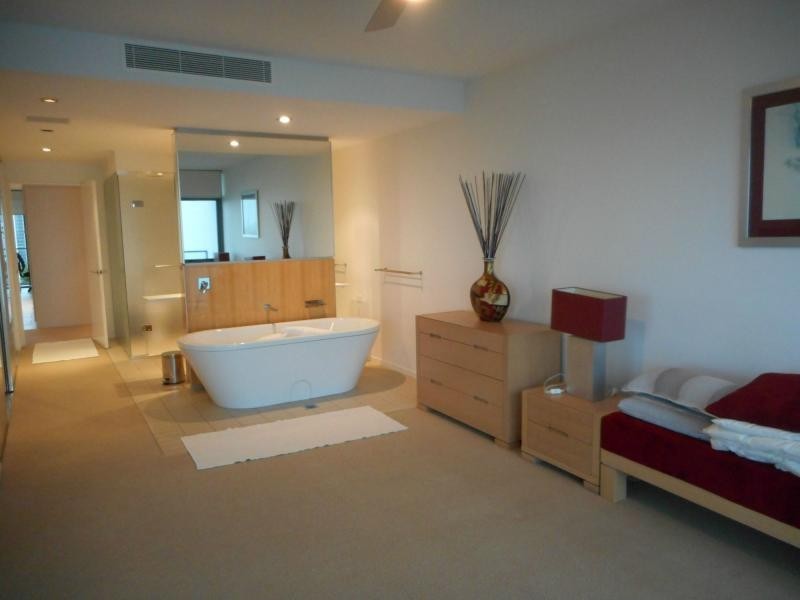 Paradise Point QLD 4216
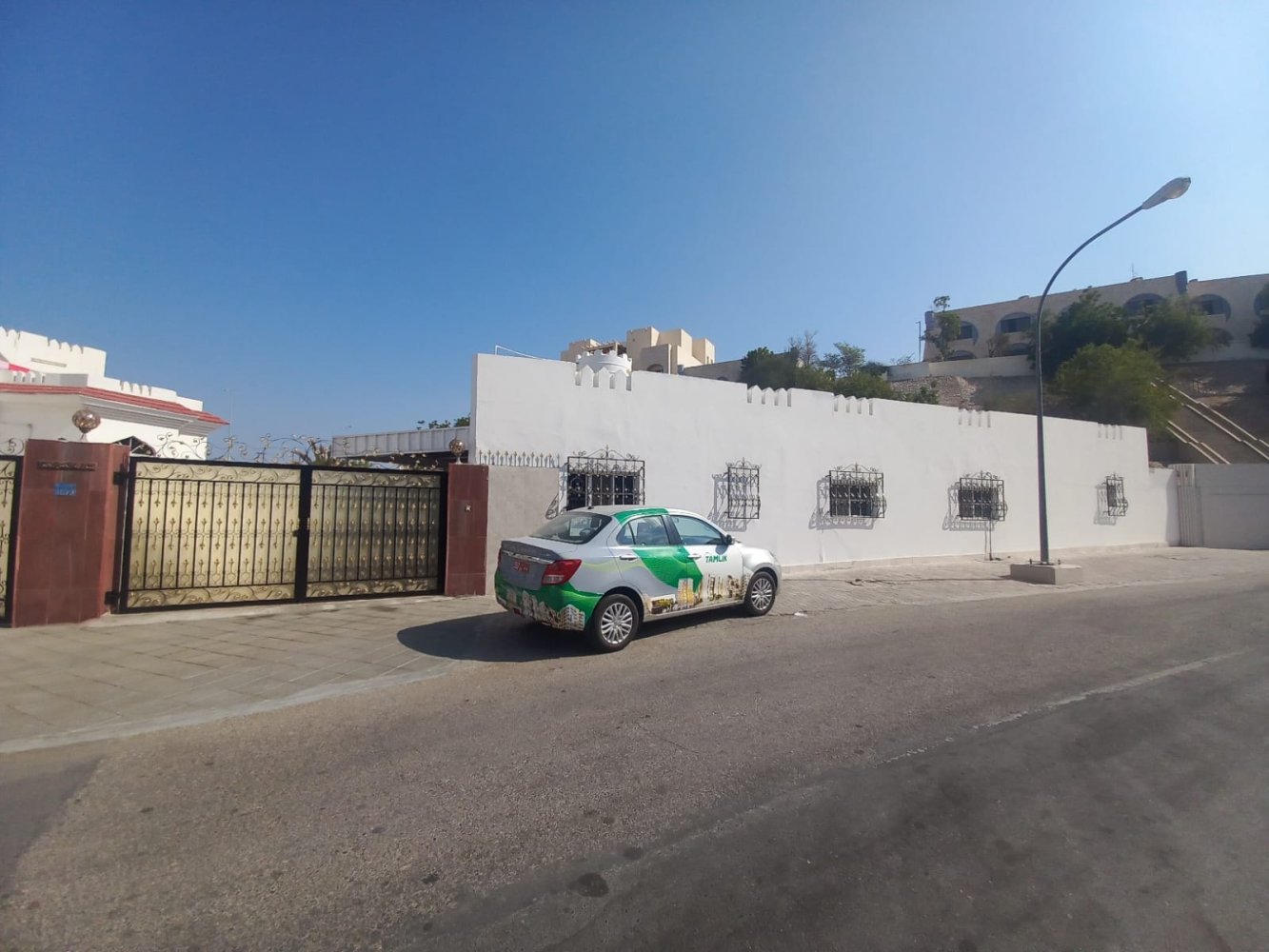 2 bedrooms Apartment in Muscat, Oman No. 1091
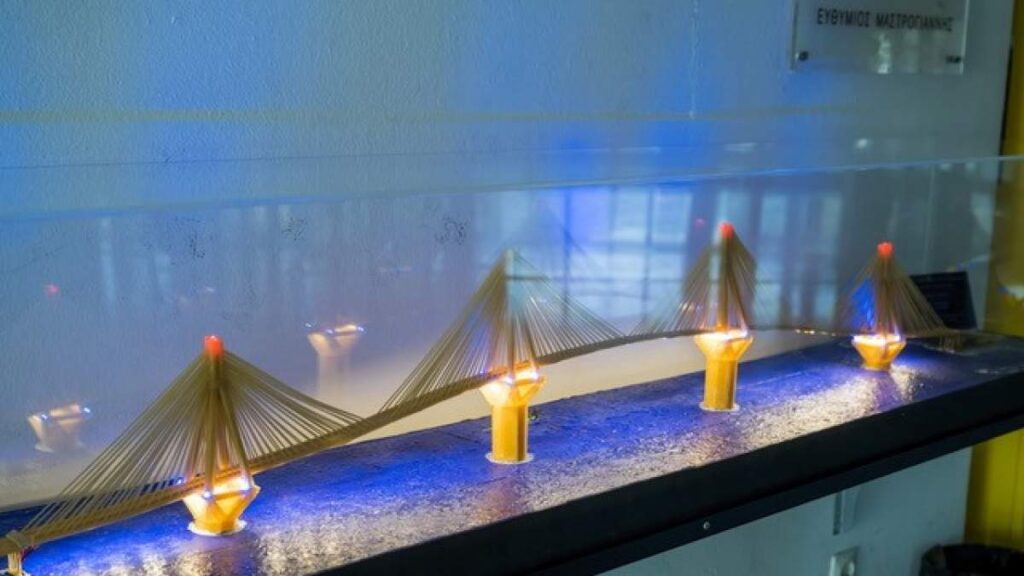 rio antirrio makaronia foitites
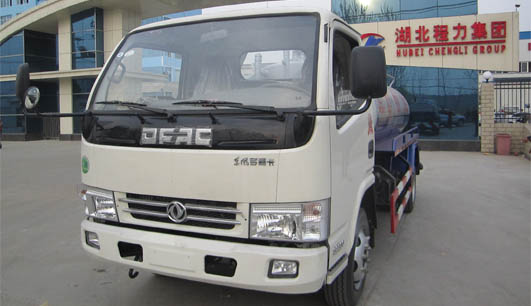 東風(fēng)多利卡吸糞車(chē)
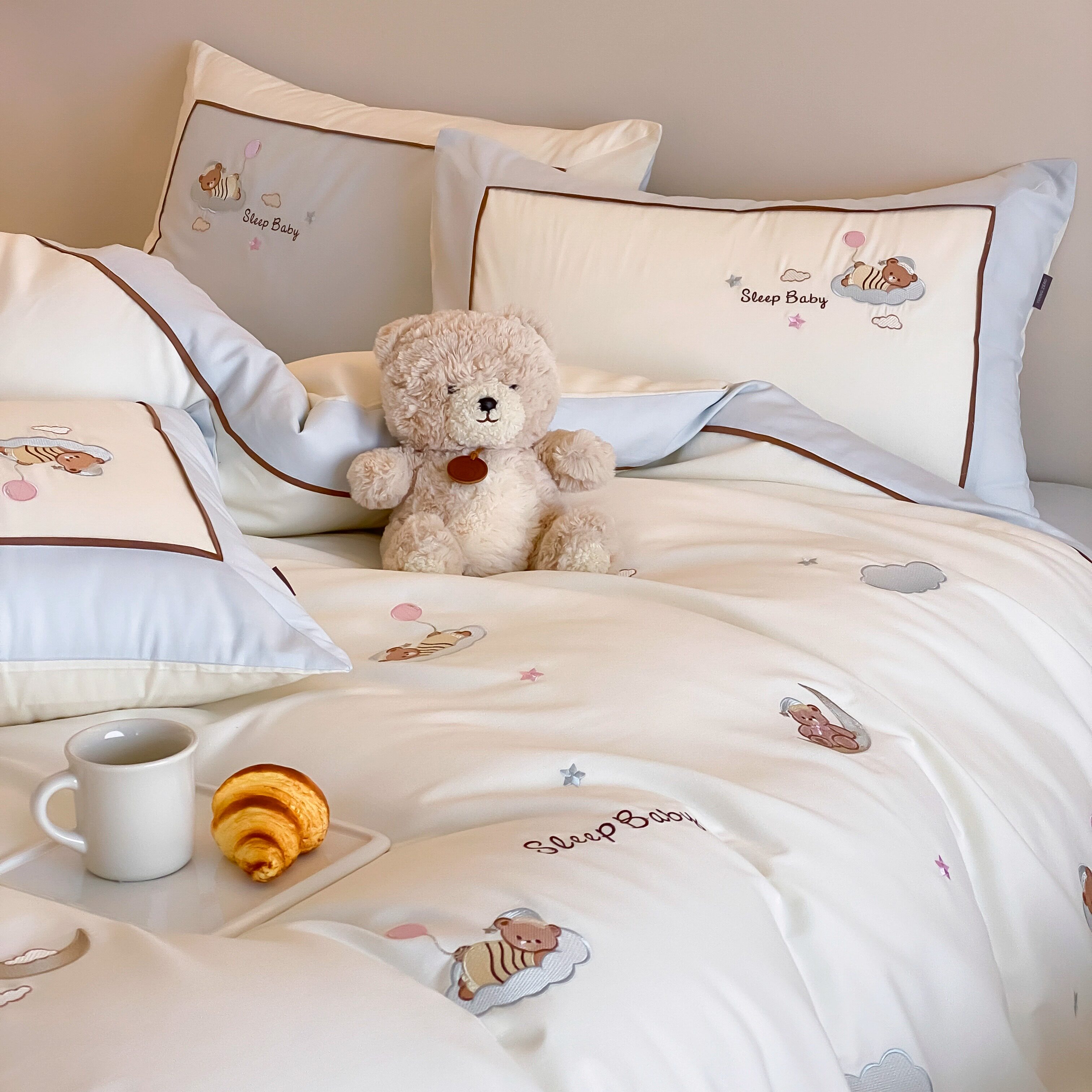 ins风长绒棉婴儿棉全棉床单四件套晚安小熊刺绣纯棉被套可爱床品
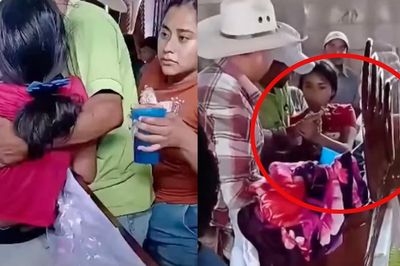 Bé gái ngồi dậy trong quan tài sau khi gia đình tưởng đã tử vong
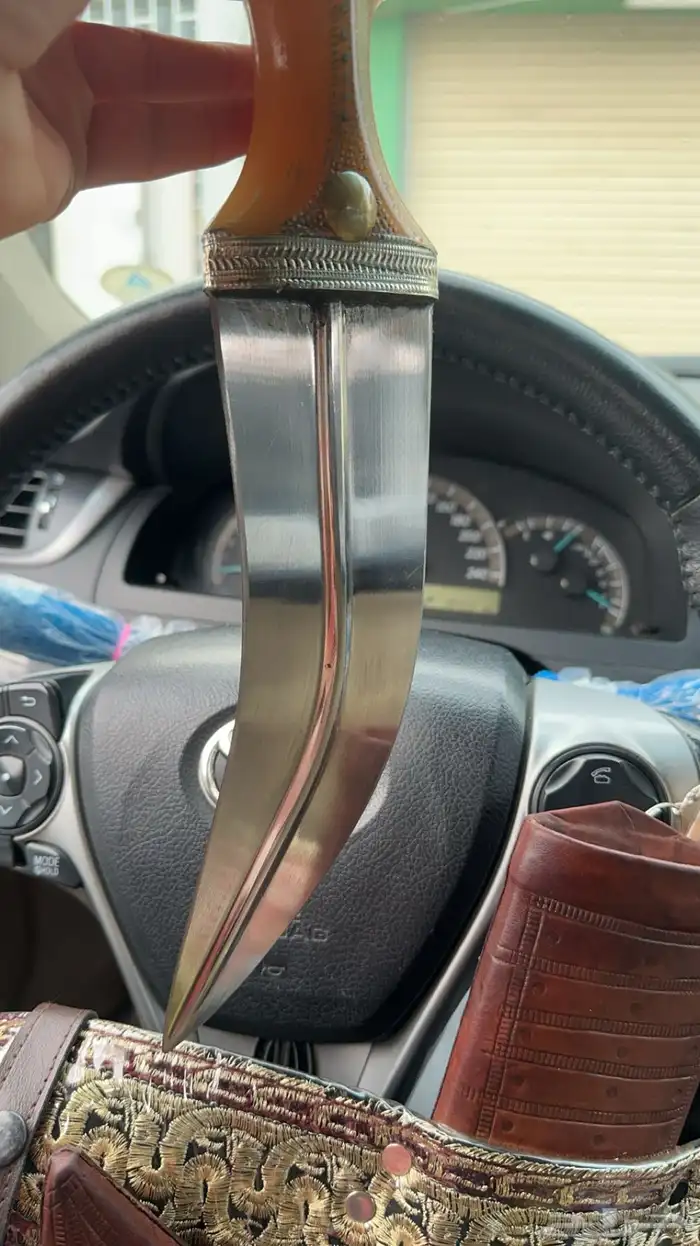 خنجر نجراني. كفو.نضيف.مركبله حزام كفو جديد. سله حضرمي حاده 1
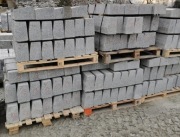 Krawężnik granitowy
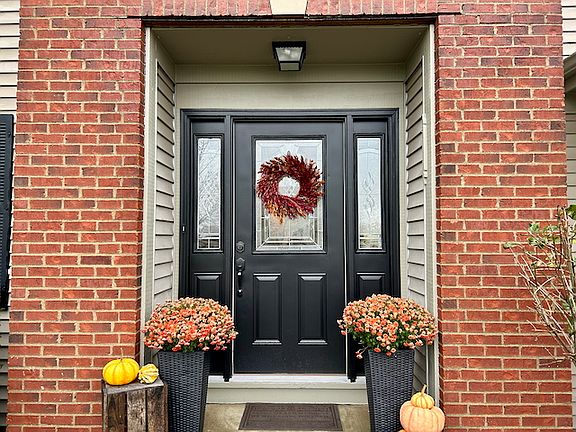 2nd image of 2035 Maxwell Ave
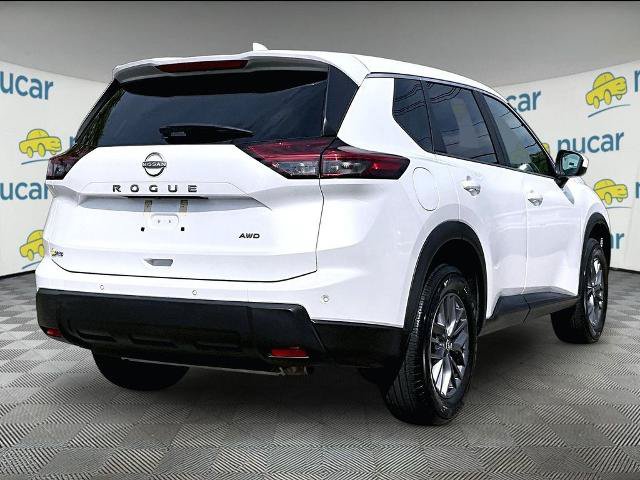 Certified 2026 Nissan Rogue SV AWD/4WD image 6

**WHAT IS REQUIRED**. In the records above, the lines from the one containing "東風(fēng)多利卡吸糞車(chē)" through the last line are to be written out exactly, both ends included and pictures omitted.

**RESULT OF THIS TASK**.
 東風(fēng)多利卡吸糞車(chē)
 ins风长绒棉婴儿棉全棉床单四件套晚安小熊刺绣纯棉被套可爱床品
 Bé gái ngồi dậy trong quan tài sau khi gia đình tưởng đã tử vong
 خنجر نجراني. كفو.نضيف.مركبله حزام كفو جديد. سله حضرمي حاده 1
 Krawężnik granitowy
 2nd image of 2035 Maxwell Ave
 Certified 2026 Nissan Rogue SV AWD/4WD image 6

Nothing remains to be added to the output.